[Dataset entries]
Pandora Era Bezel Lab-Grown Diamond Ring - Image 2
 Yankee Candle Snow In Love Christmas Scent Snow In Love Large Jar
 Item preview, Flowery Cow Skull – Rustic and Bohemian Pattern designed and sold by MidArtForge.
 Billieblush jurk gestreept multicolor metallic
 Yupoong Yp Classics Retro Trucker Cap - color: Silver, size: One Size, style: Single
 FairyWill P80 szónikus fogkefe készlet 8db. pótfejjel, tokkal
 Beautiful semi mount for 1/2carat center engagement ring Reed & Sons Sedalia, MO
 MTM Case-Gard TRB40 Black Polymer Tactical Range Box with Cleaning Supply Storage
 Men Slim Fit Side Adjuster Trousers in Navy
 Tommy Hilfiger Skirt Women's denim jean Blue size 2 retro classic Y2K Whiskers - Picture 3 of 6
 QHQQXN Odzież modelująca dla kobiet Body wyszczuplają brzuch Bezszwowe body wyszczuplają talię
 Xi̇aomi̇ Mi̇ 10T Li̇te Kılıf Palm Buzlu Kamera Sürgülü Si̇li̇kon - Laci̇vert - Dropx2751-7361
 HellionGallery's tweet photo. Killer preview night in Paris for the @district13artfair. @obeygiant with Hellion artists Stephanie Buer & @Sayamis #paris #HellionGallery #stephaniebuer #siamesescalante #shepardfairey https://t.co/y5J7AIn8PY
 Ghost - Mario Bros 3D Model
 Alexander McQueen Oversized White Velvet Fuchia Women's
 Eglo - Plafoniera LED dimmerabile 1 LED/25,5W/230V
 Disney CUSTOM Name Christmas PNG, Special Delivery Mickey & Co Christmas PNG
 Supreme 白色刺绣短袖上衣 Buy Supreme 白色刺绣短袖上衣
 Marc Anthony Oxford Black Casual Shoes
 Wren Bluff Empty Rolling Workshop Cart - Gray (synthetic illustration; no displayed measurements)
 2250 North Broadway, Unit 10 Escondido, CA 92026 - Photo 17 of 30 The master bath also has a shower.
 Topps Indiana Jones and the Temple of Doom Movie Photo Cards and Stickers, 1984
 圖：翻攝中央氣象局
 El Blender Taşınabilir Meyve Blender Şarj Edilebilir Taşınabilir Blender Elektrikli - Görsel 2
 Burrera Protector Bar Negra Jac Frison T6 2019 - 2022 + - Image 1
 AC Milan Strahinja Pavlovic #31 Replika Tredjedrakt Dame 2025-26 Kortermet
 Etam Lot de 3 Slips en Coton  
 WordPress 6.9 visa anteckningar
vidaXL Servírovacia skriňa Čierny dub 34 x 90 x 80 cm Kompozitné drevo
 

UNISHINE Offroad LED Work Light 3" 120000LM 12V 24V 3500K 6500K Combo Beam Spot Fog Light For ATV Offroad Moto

_PROBLEM REQUIREMENTS_
Please return all lines from the records that hold the word "Women".

_RESPONSE AREA_
 Tommy Hilfiger Skirt Women's denim jean Blue size 2 retro classic Y2K Whiskers - Picture 3 of 6
 Alexander McQueen Oversized White Velvet Fuchia Women's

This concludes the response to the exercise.